Sunday, November 21, 2021

Suddenly Winter

How did I miss it?  Was I asleep, beginning hibernation at the onset of cold weather, plodding in stupor through the daily cycle of wake-eat-work-eat-sleep?  Was I distracted, preoccupied with the mundane tasks of life and inattentive to the greater world?  Is this how empires crumble, marriages collapse, and friendships end, with inobservance and insouciance?

Regardless, I realized with shock this week that Fall was past and Winter was suddenly present.  Perhaps it was the first recent chance to walk the garden in daylight on 11/18/21, the first time for the past week since nighttime now begins at 5:00 p.m. and I'm seldom home in daylight.  I only made it early on Thursday because I'd gotten my COVID booster the previous day and had run a fever and chills for the past 24 hours.  It will, by the way, be a cold day in hell or in winter before I get another COVID booster.  Why take an annual vaccine that certainly makes me sick every year to prevent the small chance I get sick? Three days later and I'm still not normally controlling my internal temperature when active. 

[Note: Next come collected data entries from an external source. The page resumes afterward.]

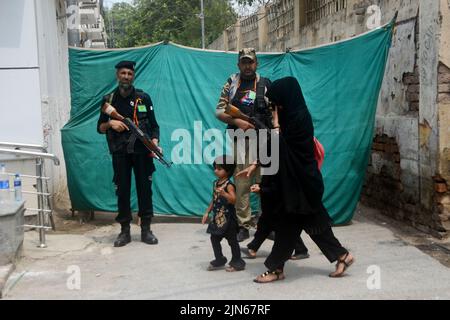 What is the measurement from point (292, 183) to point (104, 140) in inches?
116

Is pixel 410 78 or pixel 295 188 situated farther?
pixel 410 78

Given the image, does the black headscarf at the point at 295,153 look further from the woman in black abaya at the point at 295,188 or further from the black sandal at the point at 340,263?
the black sandal at the point at 340,263

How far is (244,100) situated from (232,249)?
4.94ft

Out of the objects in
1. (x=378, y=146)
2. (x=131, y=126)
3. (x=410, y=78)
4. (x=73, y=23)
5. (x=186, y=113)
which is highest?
(x=73, y=23)

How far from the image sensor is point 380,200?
7.31 meters

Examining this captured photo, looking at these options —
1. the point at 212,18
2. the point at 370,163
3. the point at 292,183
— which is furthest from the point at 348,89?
the point at 212,18

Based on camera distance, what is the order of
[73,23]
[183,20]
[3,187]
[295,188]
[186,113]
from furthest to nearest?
[183,20] < [73,23] < [186,113] < [3,187] < [295,188]

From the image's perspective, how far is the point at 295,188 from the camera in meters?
4.53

But I digress down the deep slope to COVID anger.   More pertinent to the subject of today, the leaves all dropped, seemingly overnight, from trees and shrubs galore.  I'm not ready, not prepared at all mentally and emotionally, for winter.  The granite bench in front of my River Birch no longer is hidden in shade by the protective limbs of the birch (above, top), and my 'Jane Magnolia' (left) is bare but for the fuzzy light green buds that I'll have to protect from the equally fuzzy lips of hungry deer.  Even the 'October Glory' maple of my last blog post has dropped a huge portion of its leaves, an unusual occurrence this early in winter.   All that remains of Fall in the garden are the still-shimmering shafts of the ornamental grasses.  The small clump of Miscanthus sinensis 'Malepartus', pictured below, remains a pleasing sight, catching the last rays of sun in a cooling world.

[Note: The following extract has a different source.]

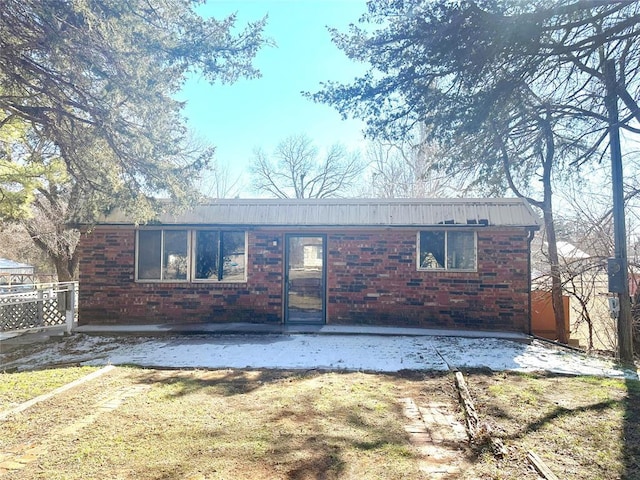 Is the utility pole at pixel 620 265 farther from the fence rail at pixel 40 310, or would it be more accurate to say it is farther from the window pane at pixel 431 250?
the fence rail at pixel 40 310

'Malepartus' is, however, a symbol of hope for me this winter.  I received him as a very small division given away by the K-State gardens last fall and in a single year of planting it is already a reasonably substantial garden presence.  Only time and winter will tell me if he can hold on to these silvery seedheads or whether they, too, will be quickly dispatched by the cruel onset of the first "polar express."  All I can do is wait now, and watch, and try to be present in the garden for its trials and triumphs.  I'm out there now, hurrying to spread new straw in the strawberry patch before the cold can dash my hopes for next spring's harvest.   A gardener never fully rests.